• WORK INSTRUCTION
Print all entries below exactly, without images.

• DATA EXCERPTS
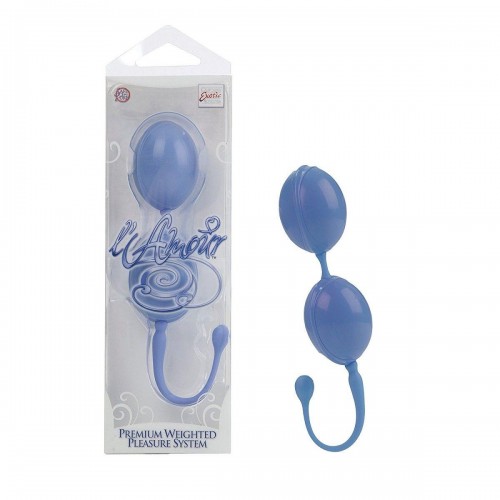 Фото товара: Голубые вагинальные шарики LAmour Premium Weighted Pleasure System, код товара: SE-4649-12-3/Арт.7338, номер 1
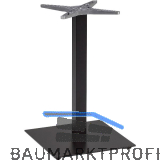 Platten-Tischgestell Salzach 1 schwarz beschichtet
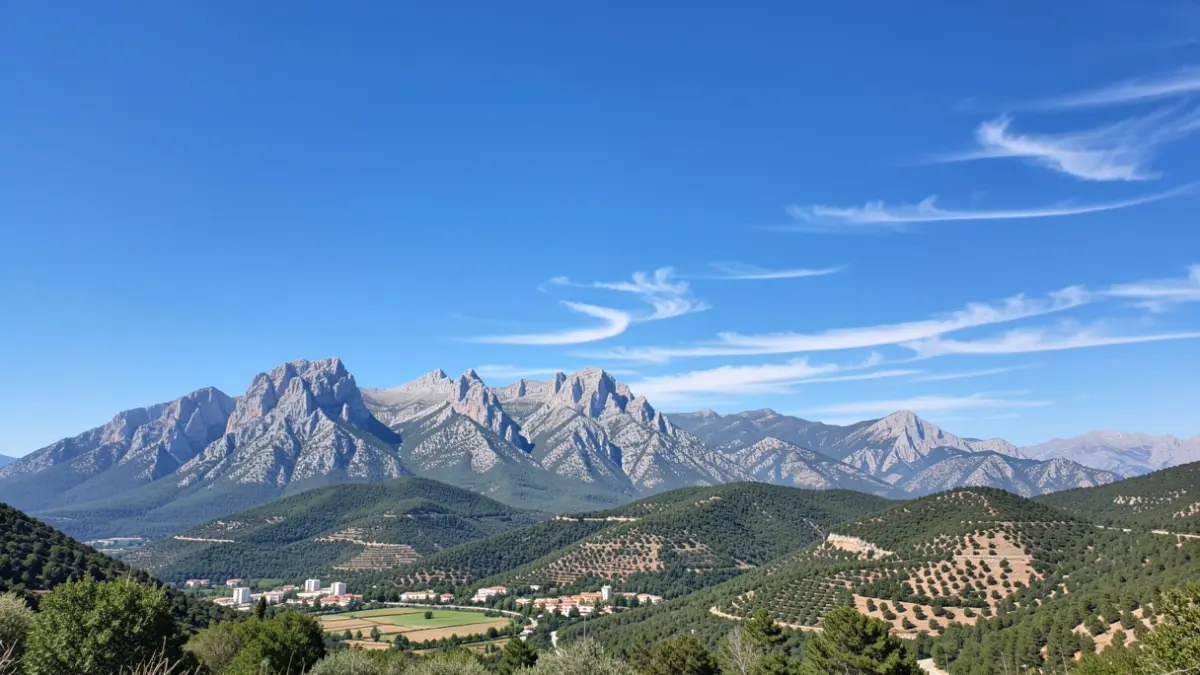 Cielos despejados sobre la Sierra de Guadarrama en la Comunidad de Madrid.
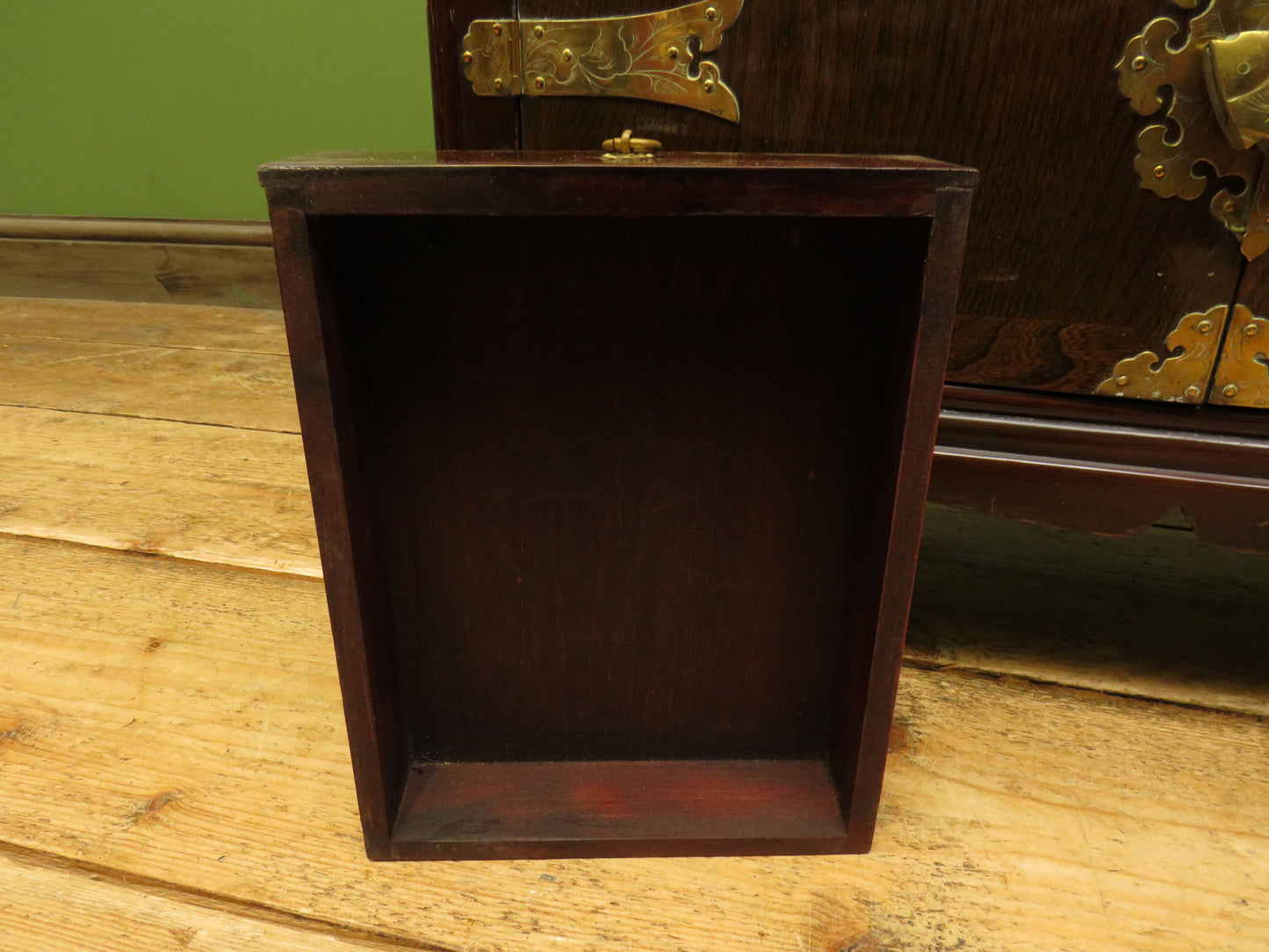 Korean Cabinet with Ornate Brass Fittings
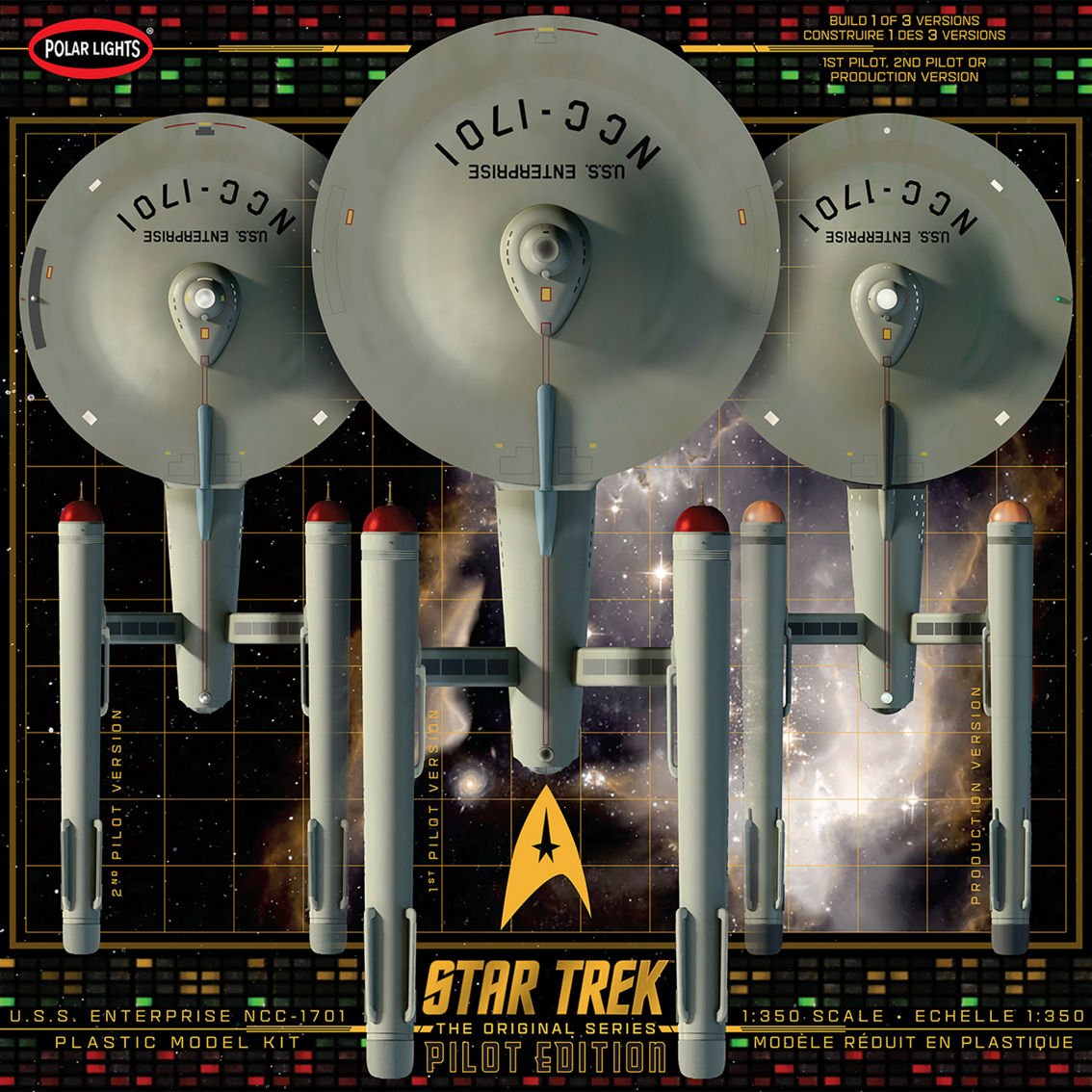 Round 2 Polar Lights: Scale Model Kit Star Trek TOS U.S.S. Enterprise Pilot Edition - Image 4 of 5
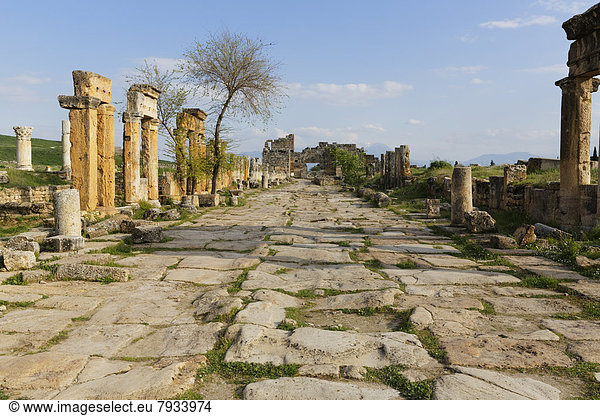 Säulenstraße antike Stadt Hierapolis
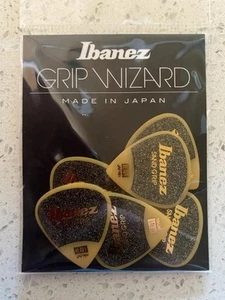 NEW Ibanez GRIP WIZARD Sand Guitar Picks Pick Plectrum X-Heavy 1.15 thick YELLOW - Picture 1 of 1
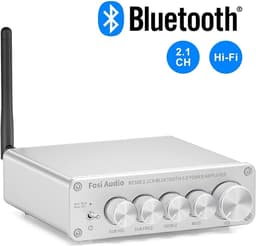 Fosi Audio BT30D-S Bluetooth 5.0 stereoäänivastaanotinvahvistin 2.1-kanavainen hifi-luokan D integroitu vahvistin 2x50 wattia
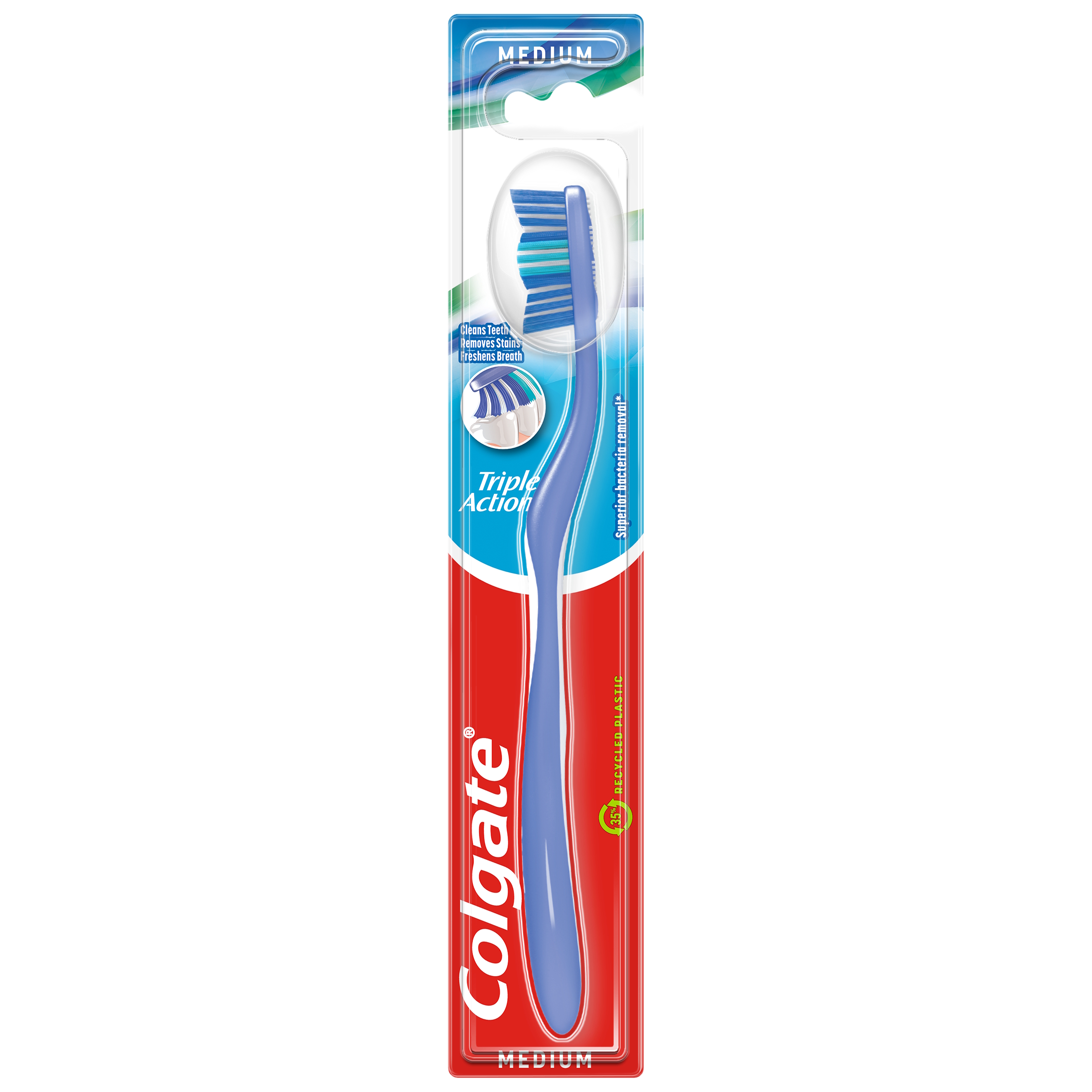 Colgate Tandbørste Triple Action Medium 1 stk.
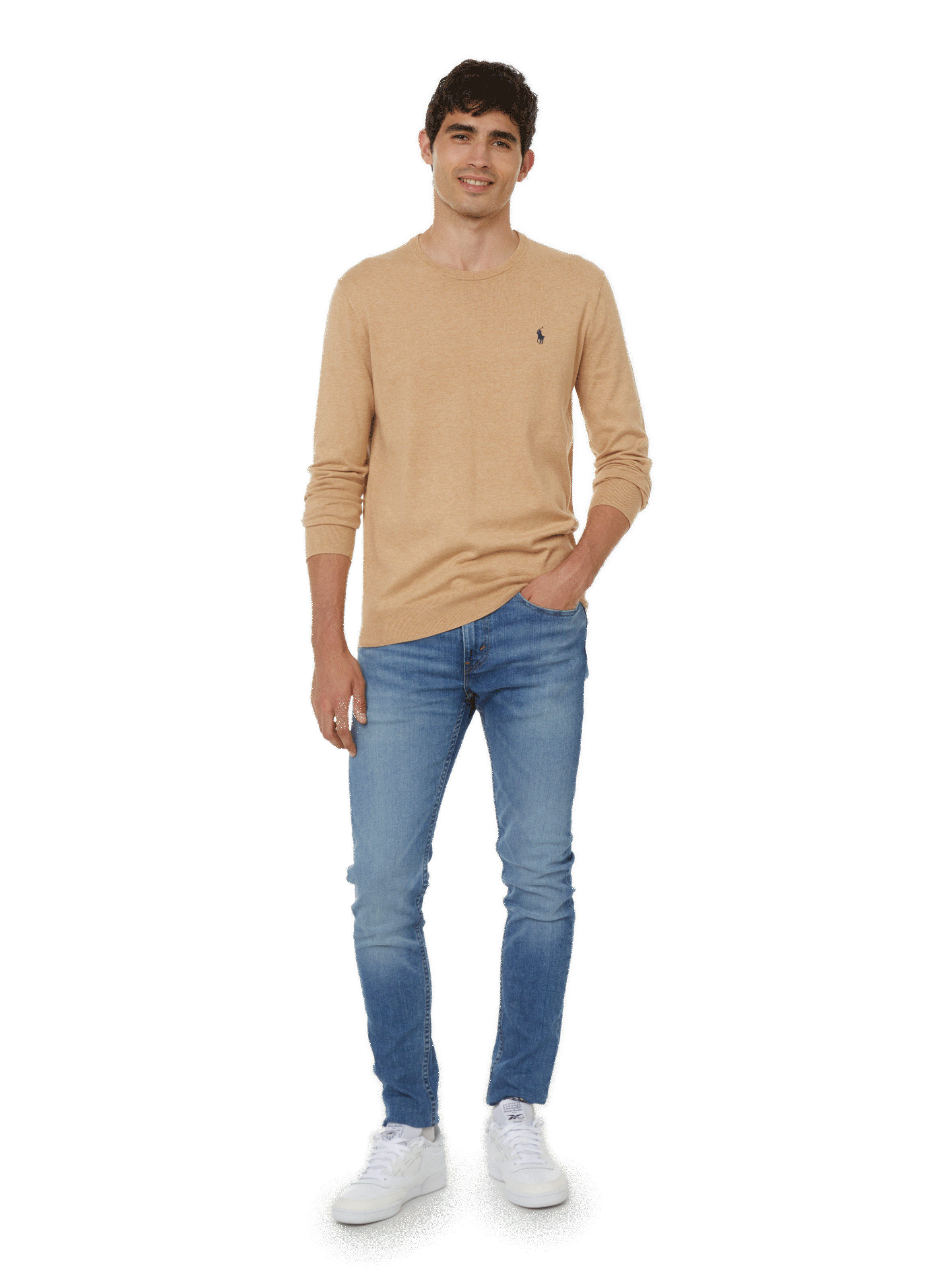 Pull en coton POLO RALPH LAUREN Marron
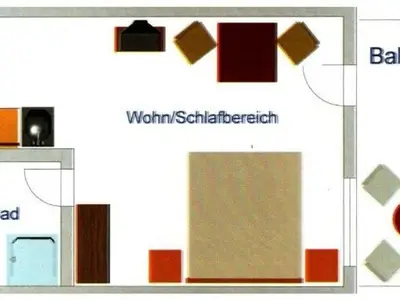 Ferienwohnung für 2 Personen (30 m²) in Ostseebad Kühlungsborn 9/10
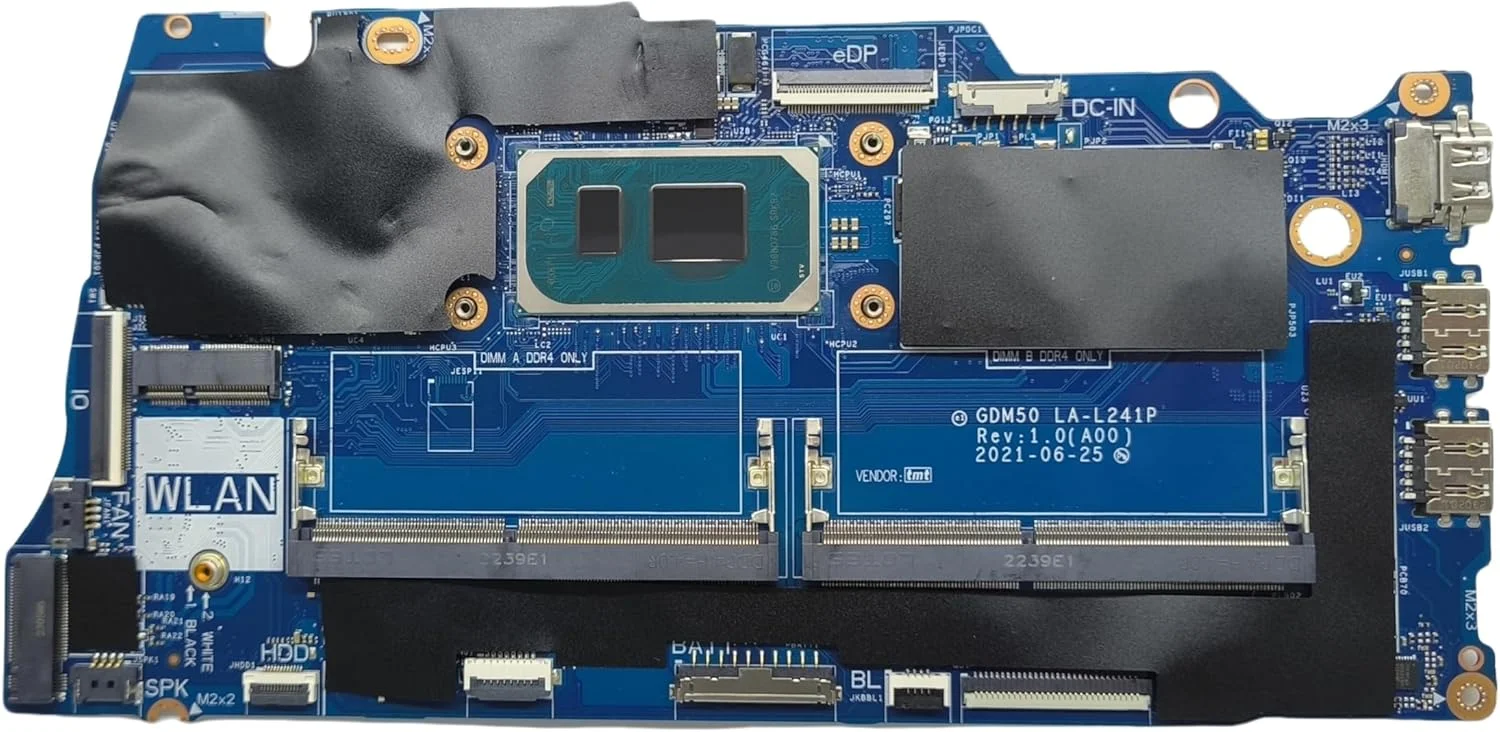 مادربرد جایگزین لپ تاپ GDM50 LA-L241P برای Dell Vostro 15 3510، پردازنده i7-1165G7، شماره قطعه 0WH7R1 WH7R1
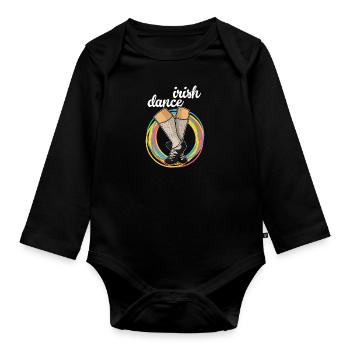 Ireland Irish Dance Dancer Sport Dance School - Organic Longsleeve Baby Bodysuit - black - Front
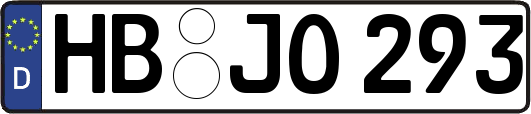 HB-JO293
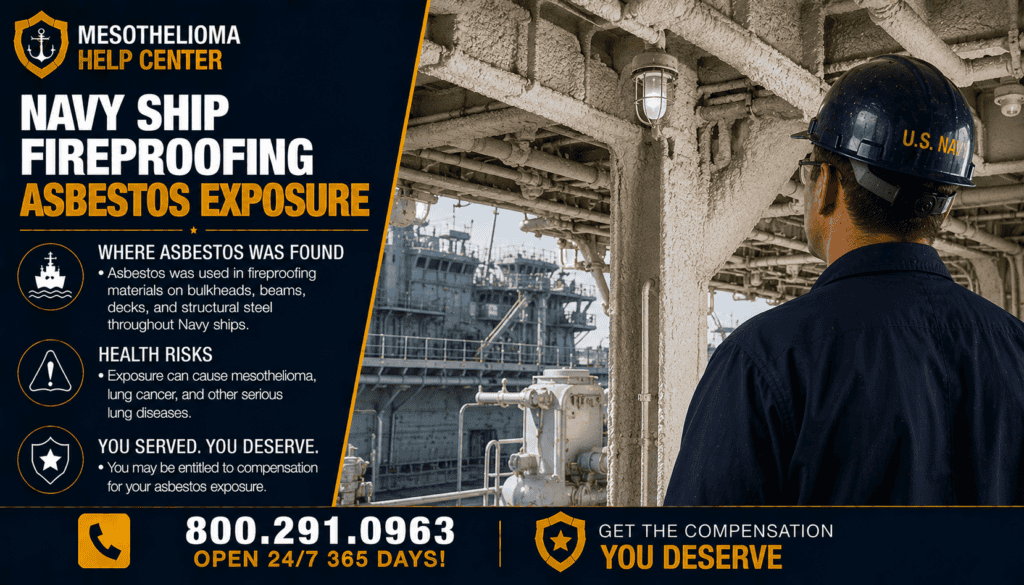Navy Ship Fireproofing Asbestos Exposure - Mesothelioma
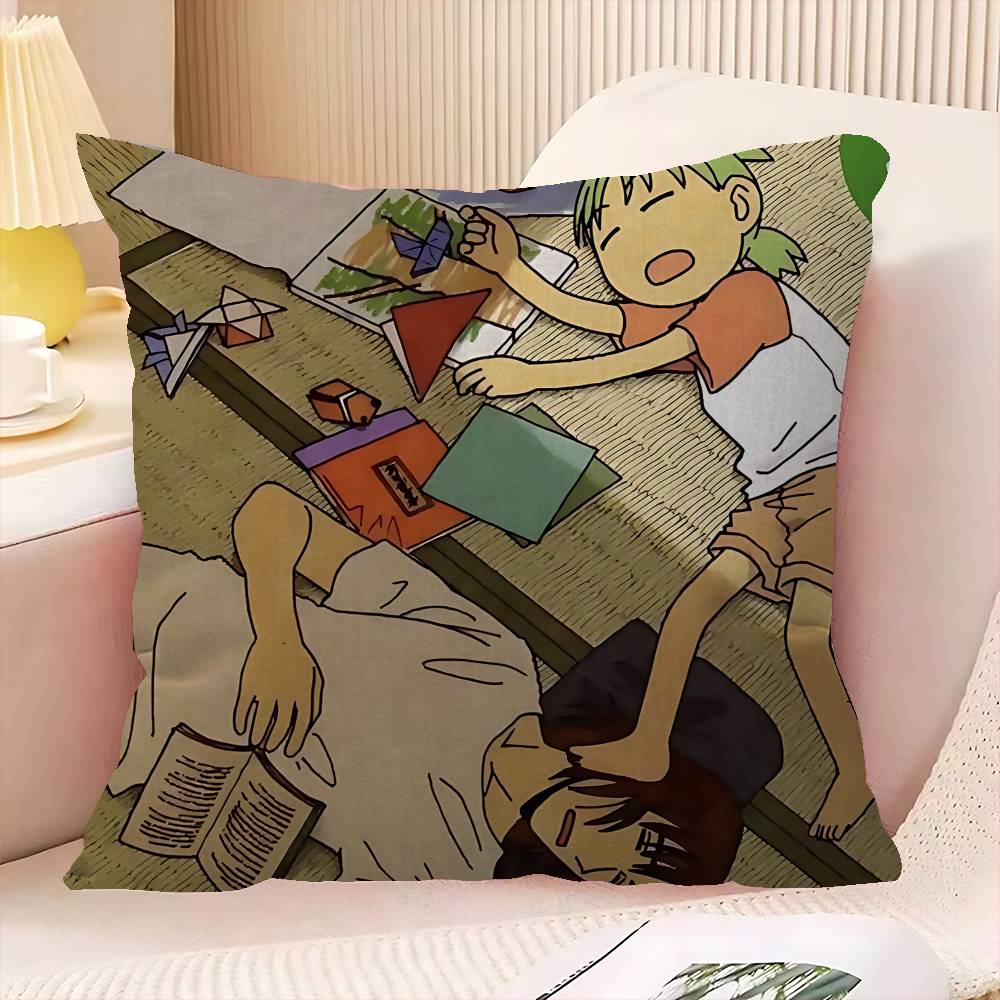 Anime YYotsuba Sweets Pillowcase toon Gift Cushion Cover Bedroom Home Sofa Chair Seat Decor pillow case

• TASK ANSWER
 Фото товара: Голубые вагинальные шарики LAmour Premium Weighted Pleasure System, код товара: SE-4649-12-3/Арт.7338, номер 1
 Platten-Tischgestell Salzach 1 schwarz beschichtet
 Cielos despejados sobre la Sierra de Guadarrama en la Comunidad de Madrid.
 Korean Cabinet with Ornate Brass Fittings
 Round 2 Polar Lights: Scale Model Kit Star Trek TOS U.S.S. Enterprise Pilot Edition - Image 4 of 5
 Säulenstraße antike Stadt Hierapolis
 NEW Ibanez GRIP WIZARD Sand Guitar Picks Pick Plectrum X-Heavy 1.15 thick YELLOW - Picture 1 of 1
 Fosi Audio BT30D-S Bluetooth 5.0 stereoäänivastaanotinvahvistin 2.1-kanavainen hifi-luokan D integroitu vahvistin 2x50 wattia
 Colgate Tandbørste Triple Action Medium 1 stk.
 Pull en coton POLO RALPH LAUREN Marron
 Ferienwohnung für 2 Personen (30 m²) in Ostseebad Kühlungsborn 9/10
 مادربرد جایگزین لپ تاپ GDM50 LA-L241P برای Dell Vostro 15 3510، پردازنده i7-1165G7، شماره قطعه 0WH7R1 WH7R1
 Ireland Irish Dance Dancer Sport Dance School - Organic Longsleeve Baby Bodysuit - black - Front
 HB-JO293
Navy Ship Fireproofing Asbestos Exposure - Mesothelioma
 Anime YYotsuba Sweets Pillowcase toon Gift Cushion Cover Bedroom Home Sofa Chair Seat Decor pillow case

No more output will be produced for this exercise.